Sur cette compilation Out Of Nowhere sortie en 1990 – sous-titrée « one
hour of music, 16 pages of wank » – et au milieu de Sprung Aus Den Wolken,
Dazibao, The Grief, Borghesia, Treponem Pal ou Nox on trouvait également le titre This Is My Life de Garbage Collector qui ressortira en 1993 sur un EP posthume (?) via le label
Permis De Construire. Je connaissais l’existence d'un premier album publié par
ce même label quelques années auparavant mais je ne me suis jamais vraiment intéressé à ce groupe de
Longwy, sûrement par bêtise crasse, peut-être par paresse, et aussi parce
qu’en 1990/1991 la place dans mon cœur était prise par les incroyables Davy
Jones Locker de Thionville, que les Deity Guns faisaient désormais parler d’eux
et que les Thugs n’avaient pas encore mis trop d’eau dans leur vin.
Il convient pourtant de remonter un peu le temps et de replacer les choses dans
leur contexte : comme son nom l’indique cet unique album de Garbage Collector a été publié en 1988…

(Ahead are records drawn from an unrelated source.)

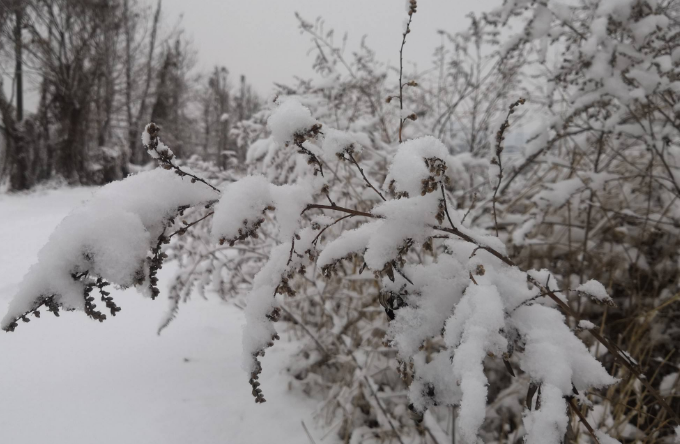 瑞雪兆丰年全诗是什么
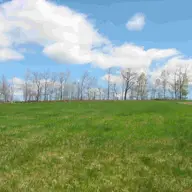 Acte necesare pentru emiterea Certificatului de Urbanism pentru scoatere din circuitul agricol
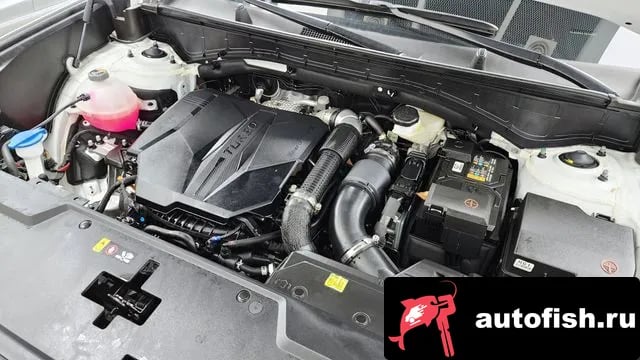 Hyundai Santafe San Tafe (MX5) 2025 года - вид 6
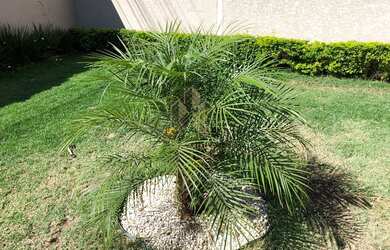 Imagem 5: Espetacular Casa 5Suítes em Vila Esperia Ou Giglio - Atibaia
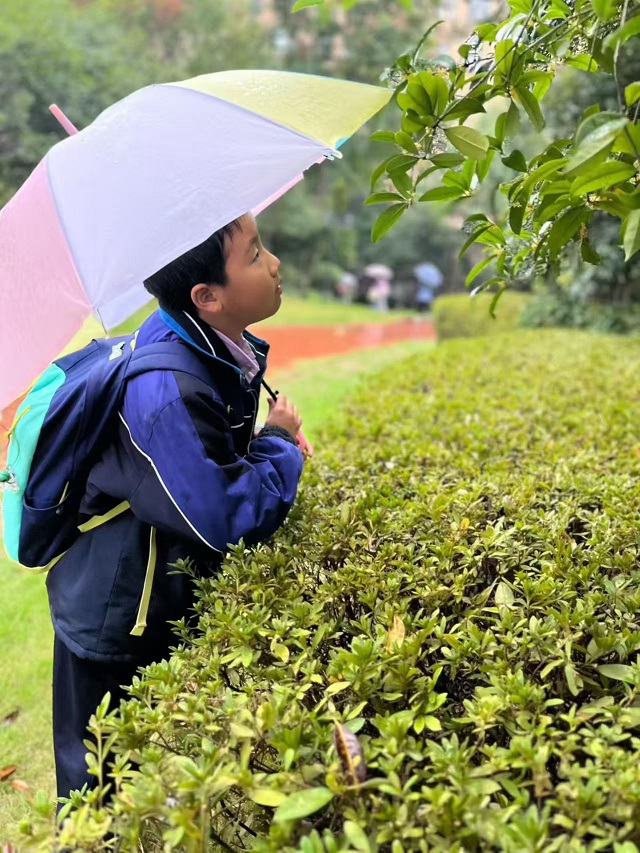 5eb1242e8272134dd86f51f7162c35ee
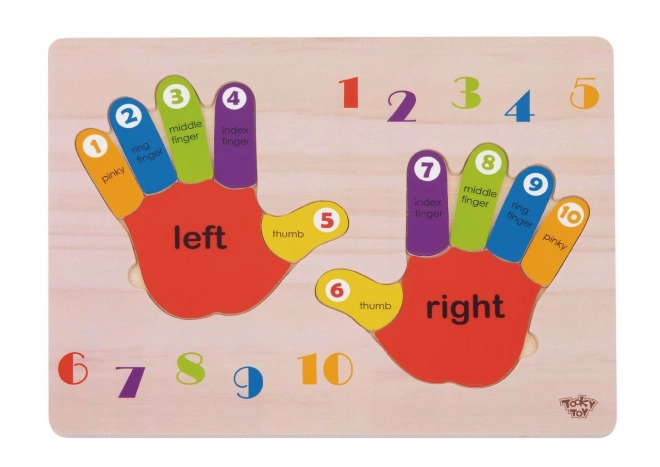 Educational Wooden Puzzle Hands Counting and Colors
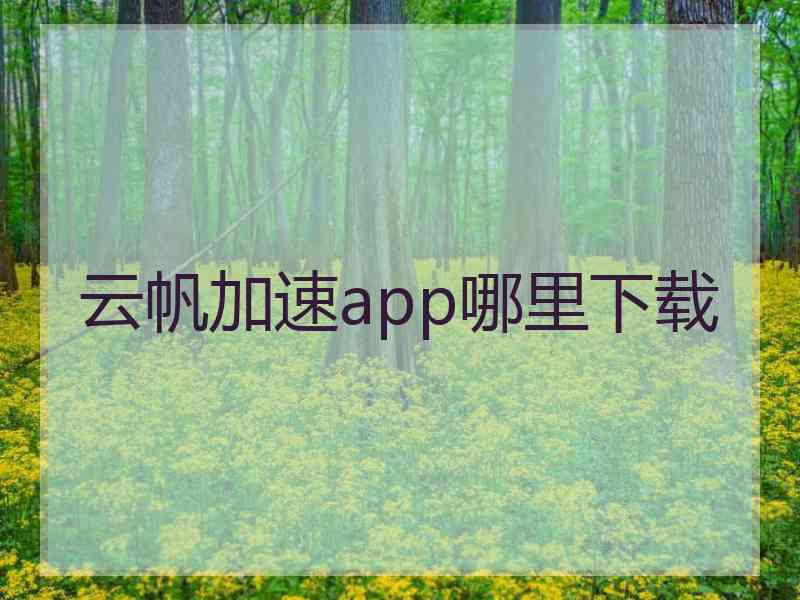 云帆加速app哪里下载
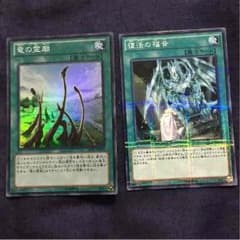遊戯王 竜の霊廟 みっみっきー様専用のサムネイル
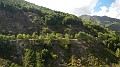 DSCN4477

et je ne saurais exagérer en affirmant que le groupe était alors terriblement
en avance sur son temps, sans doute beaucoup trop pour un gamin de mon âge
qui n’y connaissait vraiment rien en matière de no-wave et autres foutraqueries
noise à base de guitares dissonantes et de rythmiques tribales. Alors tu penses
bien, rétrospectivement, qu’en 1988 Garbage
Collector ne pouvait que me passer au dessus de la tête : je venais juste
l’année précédente de découvrir Sonic Youth avec l’album Sister (très bon et très beau disque mais pas non plus le plus
expérimental des new-yorkais) et je commençais à peine à me libérer de mes
automatismes musicaux hérités du heavy metal, du punk, du thrash et du rock
alternatif.
En écoutant la récente réédition vinyle de 1988,
je mesure enfin toute l’importance de Garbage Collector, un groupe aussi essentiel que bizarre, du moins
pour l’époque… j’irai même allègrement jusqu’à le qualifier de novateur. L’album est bruyant
et tendu au possible – mis en boite par le désormais légendaire François Dietz au
studio du Centre Culturel André Malraux à Vandœuvre-Lès-Nancy (là même où se
déroulait le festival du même nom) – mais surtout il n’a pas tant vieilli. On
peut affirmer que la musique de 1988 est facilement datable et
assurément elle l’est – tout comme, dans un tout autre genre et des années
auparavant, les deux albums de Marquis De Sade le sont – mais elle est
tellement représentative et à la hauteur d’un esprit musical qui depuis a fait
florès que cela en donne le tournis. Les Garbage
Collector n’avaient alors rien à envier à leurs homologues américains, que
ce soit Live Skull, les déjà nommés Sonic Youth et même Pain Teens. Que des
jeunes gens de Longwy aient eu l’idée d’une telle musique alors que les années
80 touchaient à peine à leur fin et que l’ambiance musicale dans les cours de
lycée et même les facs se partageait entre variété new-wave et alterno
franchouillard restera toujours pour moi comme un petit miracle et un vrai
mystère.
Spécialisé dans la réédition d’enregistrements hexagonaux essentiels mais
devenus difficilement trouvables – de Dashiell Hedayat à Ich Bin en passant par
Fall Of Saigon ou The Dreams – et succursale des Disques de la Face Cachée, Replica records a été
plus que bien inspiré de déterrer 1988… Et ce n’est que justice d’avoir rendu à Garbage Collector la place que le
groupe aurait toujours du occuper, enfin.